Delia Darlings exist to pay sonic homage to pioneering composer Delia Derbyshire (1937-2001) via her archive held at University of Manchester. Currently, Delia Darlings are experimental electronic Caro C and contemporary classical Ailís Ní Ríain. After Delia Derbyshire Day in Manchester in Jan 2013, the darlings have an info-show that spreads the magic of fascinating Delia’s archive.

The aim of this project is to increase the profile and honour the legacy of the late great Delia Derbyshire (one of the pioneers of electronic and experimental music in UK in the 1960s), as well as championing female experimental composers past and present.

www.deliaderbyshireday.wordpress.com

LAURENCE HUNT

Laurence Hunt is an explorer in the realm of sound; whether playing drums/percussion with Birmingham “wrong pop” legends Pram, revealing the hidden potential with Modified Toy Orchestra, or pursuing various other projects/installations/collaborations, the universe leads and he follows striving to hear that which he has not heard before.

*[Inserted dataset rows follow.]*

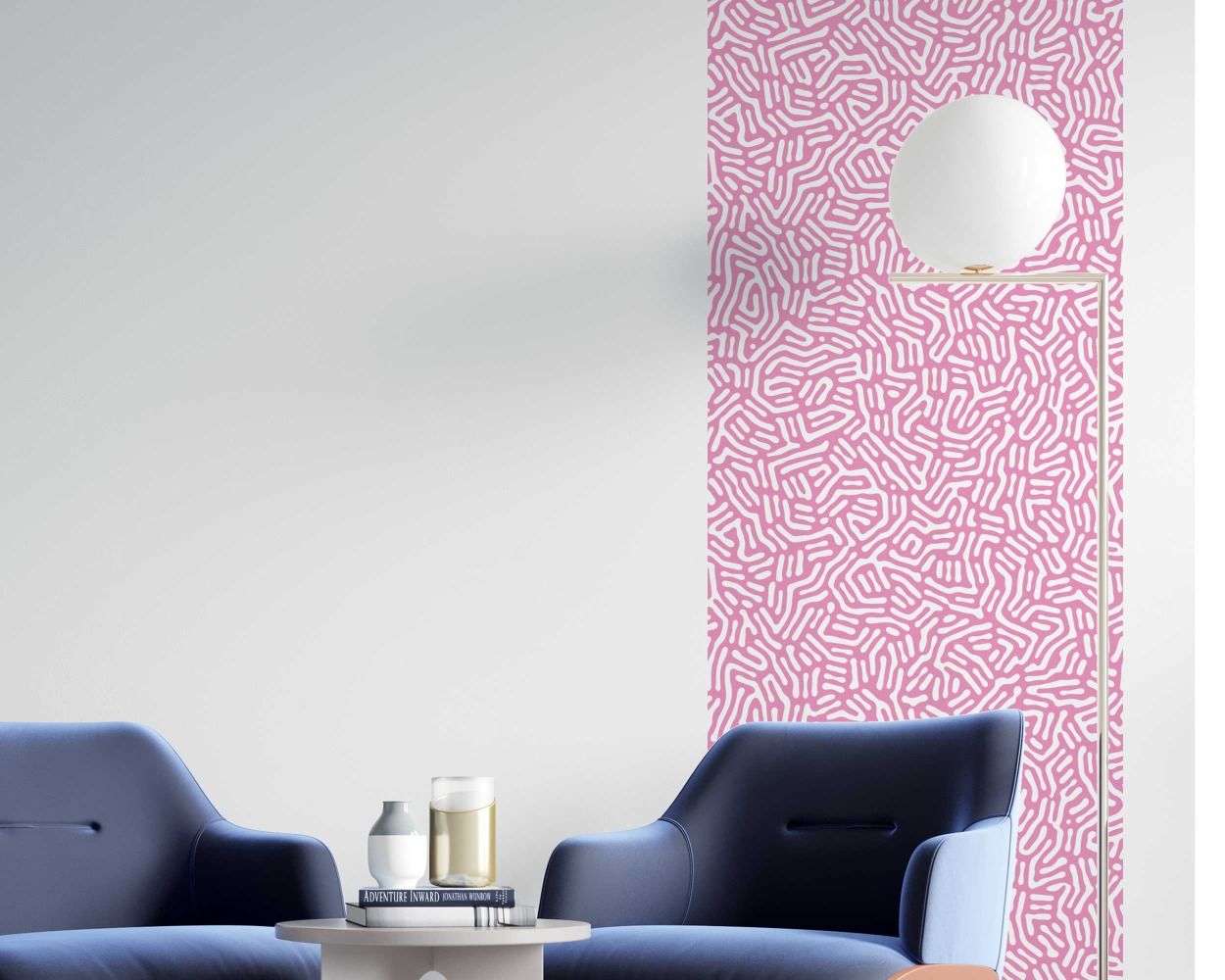 Abstract Seamless Geometric Pattern Wall Decals
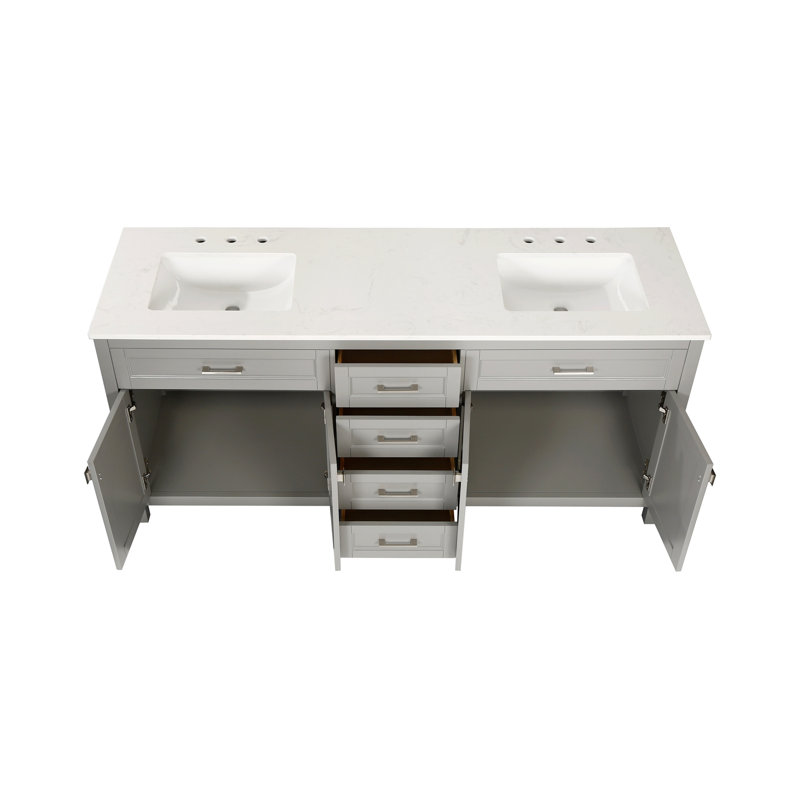 Meuble-lavabo pour meuble-lavabo, Gris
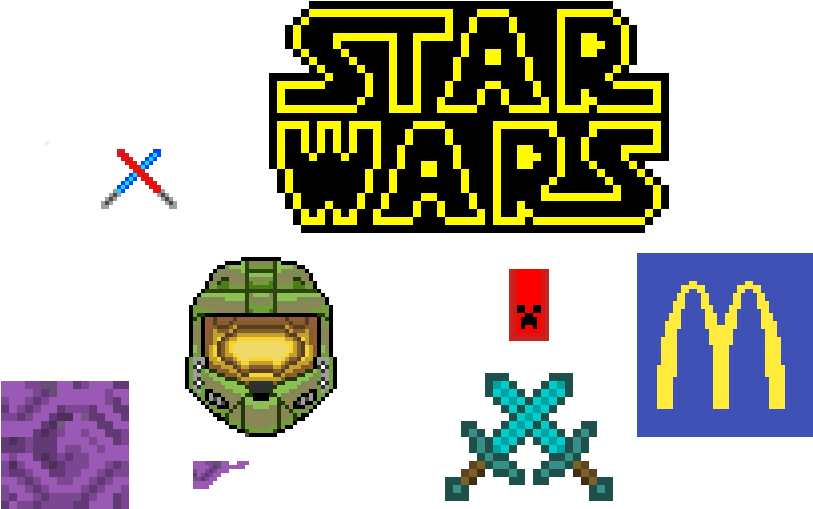 Star Wars - Pixel Art Clipart (1024x576), Png Download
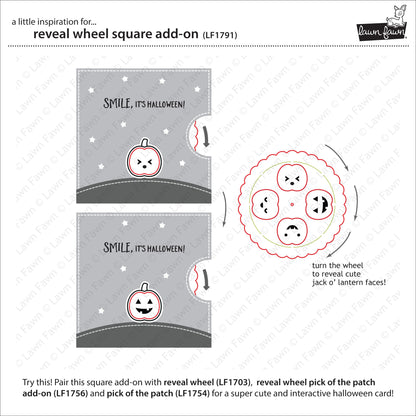 Lawn Fawn - Reveal Wheel Square Add-On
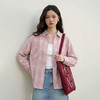 西遇韩系粉色格子衬衫女2026年春季新款慵懒风翻领宽松衬衣外套E0060171 商品缩略图4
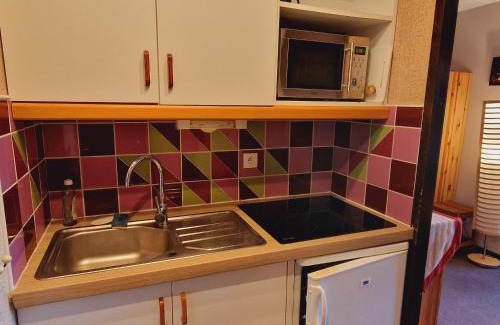 Montalbert Apartamento | Appart cosy 2P+coin montagne, ski aux pieds, proche commerces - FR-1-755-11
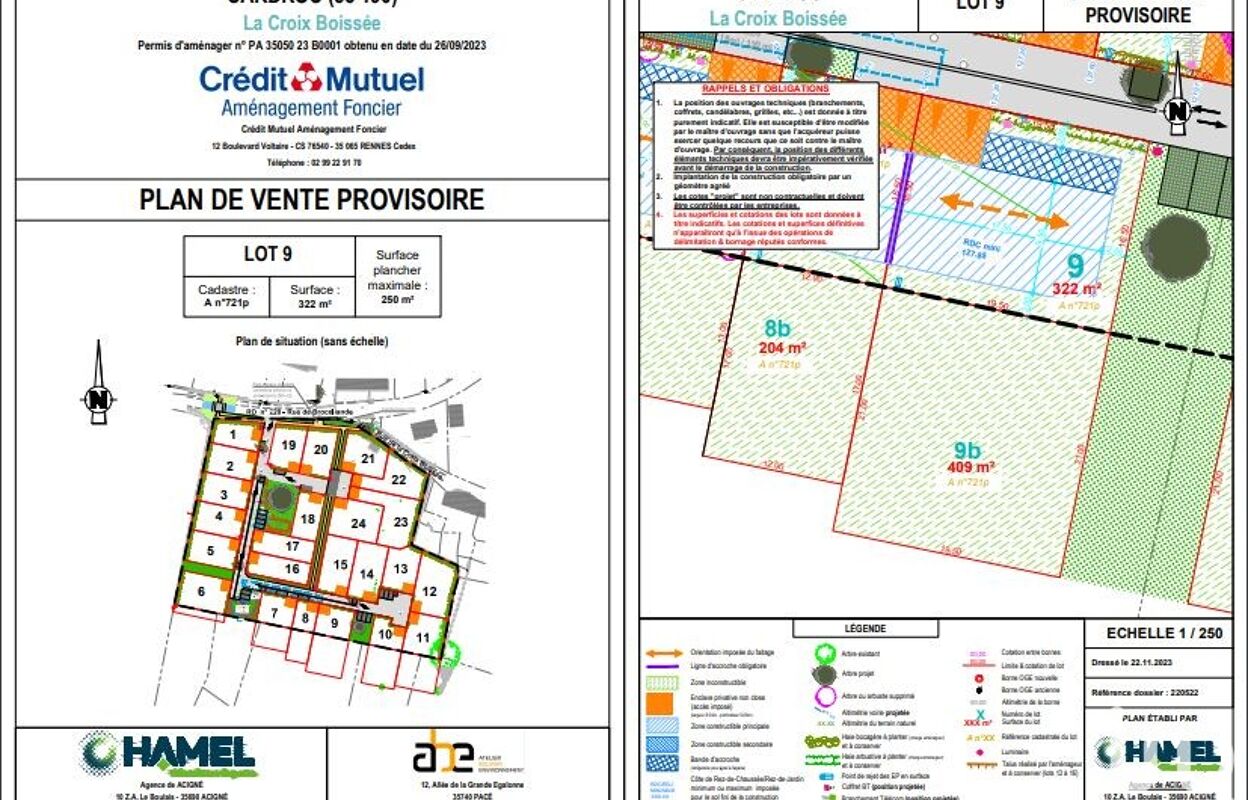 terrain  pièces 731 m2 à vendre à Cardroc (35190)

Inspiration for this solo venture is a cross pollination of early electronic soundscapes (think the BBC’s Radiophonic Workshop) and free jazz improvisation (akin to Russian drummer Vladimir Tarasov “634 measures”). The constantly evolving structure is a pool of ideas/experiments/discoveries, echoing the very first hammer strike of Birmingham’s industrial roots and the ever changing architectural canvas of a metropolis regenerating.

EVIL BLIZZARD

Comprising four bassists, a singing drummer and a baby’s head theramin, Evil Blizzard are a live experience unlike any other. Mark E Smith notably commented that Evil Blizzard are “the future of music” – you can see for yourself by checking out this recent video footage: http://youtu.be/U_lgigHp-sw

 


Video

Film of Sleaford Mods live on Friday 25th October 2013 by HTF Media


Review

Review by Nancy Bennie for The Quietus

“…another name should be added to Birmingham’s ‘Star Walk’ that genuinely lines its crippled pavements. And that name is Capsule. They are the small but dedicated team behind the mighty Supersonic Festival, an annual masterclass in extreme musical wonderment and as reliable in their curation as a fresh pack of Jaffa Cakes. However this year is a little different. In the usual Supersonic slot, a much smaller event called Bring To Light is scheduled, mostly set in Birmingham’s shiny new Library but with less bands, and less ‘bigger’ bands at that. However, such is my trust in Capsule, only a lunatic on the scale of Pinky (of Pinky And The Brain fame) would skip this…

Capsule’s uncompromising events have frequently saved me (and most likely many others) from severe internal tumult. Bring To Light is no exception – a bombardment of the revolting and the sublime which has furthered my pride in their work.”